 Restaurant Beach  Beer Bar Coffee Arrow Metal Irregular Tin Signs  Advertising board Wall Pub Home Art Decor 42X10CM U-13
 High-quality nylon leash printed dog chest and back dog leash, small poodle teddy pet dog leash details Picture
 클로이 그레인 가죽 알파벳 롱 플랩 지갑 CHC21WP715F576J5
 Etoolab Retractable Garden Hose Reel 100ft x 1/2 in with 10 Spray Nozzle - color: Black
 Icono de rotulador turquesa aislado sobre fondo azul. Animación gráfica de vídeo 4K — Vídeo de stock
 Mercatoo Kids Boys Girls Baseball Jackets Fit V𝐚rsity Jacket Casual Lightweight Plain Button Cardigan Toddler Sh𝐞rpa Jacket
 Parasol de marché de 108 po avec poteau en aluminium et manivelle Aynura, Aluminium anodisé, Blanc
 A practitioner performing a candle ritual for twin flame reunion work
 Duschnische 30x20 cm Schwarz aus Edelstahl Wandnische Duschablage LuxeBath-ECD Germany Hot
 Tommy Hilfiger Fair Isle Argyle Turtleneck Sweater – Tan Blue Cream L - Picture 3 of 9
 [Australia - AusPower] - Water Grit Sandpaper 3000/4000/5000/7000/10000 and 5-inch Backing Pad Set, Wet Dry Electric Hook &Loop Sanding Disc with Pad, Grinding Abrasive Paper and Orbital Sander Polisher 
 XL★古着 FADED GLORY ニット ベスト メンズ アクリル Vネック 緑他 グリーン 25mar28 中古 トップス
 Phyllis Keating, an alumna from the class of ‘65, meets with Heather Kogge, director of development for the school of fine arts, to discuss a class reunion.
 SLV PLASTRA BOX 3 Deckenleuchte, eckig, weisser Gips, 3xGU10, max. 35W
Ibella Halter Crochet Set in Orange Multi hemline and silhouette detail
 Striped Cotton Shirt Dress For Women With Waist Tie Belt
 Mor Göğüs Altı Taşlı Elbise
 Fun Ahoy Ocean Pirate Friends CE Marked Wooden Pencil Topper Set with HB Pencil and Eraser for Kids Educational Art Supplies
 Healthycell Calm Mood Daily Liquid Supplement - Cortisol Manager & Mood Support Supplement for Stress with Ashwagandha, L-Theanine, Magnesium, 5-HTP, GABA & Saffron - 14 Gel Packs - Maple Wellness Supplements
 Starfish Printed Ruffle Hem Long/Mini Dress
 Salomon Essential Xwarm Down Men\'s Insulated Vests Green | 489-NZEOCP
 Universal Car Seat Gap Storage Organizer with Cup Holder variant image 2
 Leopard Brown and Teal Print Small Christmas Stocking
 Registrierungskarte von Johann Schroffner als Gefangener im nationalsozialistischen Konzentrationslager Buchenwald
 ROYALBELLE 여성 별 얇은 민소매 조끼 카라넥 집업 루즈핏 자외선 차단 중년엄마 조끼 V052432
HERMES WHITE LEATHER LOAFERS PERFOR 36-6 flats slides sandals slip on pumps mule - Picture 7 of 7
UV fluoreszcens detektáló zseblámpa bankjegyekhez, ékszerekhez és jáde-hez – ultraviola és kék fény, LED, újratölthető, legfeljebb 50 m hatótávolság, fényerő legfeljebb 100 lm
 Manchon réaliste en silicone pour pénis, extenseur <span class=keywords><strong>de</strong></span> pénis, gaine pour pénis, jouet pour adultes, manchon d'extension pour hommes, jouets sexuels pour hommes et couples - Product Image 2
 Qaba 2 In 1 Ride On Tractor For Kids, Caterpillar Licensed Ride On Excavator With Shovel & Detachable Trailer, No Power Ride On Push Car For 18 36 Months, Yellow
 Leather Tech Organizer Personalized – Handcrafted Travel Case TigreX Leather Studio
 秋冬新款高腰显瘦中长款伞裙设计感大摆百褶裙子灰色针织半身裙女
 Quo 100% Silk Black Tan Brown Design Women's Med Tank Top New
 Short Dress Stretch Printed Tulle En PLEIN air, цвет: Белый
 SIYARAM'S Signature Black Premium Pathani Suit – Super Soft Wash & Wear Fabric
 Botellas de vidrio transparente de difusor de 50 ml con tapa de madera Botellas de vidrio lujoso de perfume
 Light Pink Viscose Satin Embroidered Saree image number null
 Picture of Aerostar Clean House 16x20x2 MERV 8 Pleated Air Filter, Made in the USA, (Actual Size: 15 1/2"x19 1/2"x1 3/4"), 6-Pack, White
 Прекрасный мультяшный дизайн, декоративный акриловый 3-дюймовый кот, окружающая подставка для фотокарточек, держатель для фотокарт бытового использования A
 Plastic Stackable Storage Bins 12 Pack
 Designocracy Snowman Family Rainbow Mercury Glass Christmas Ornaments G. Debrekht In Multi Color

» **Action item**
In the material above, transcribe exactly the lines beginning at the one with "Mor Göğüs Altı Taşlı Elbise" and ending at the one with "Fun Ahoy Ocean", both included.

» **Written answer**
 Mor Göğüs Altı Taşlı Elbise
 Fun Ahoy Ocean Pirate Friends CE Marked Wooden Pencil Topper Set with HB Pencil and Eraser for Kids Educational Art Supplies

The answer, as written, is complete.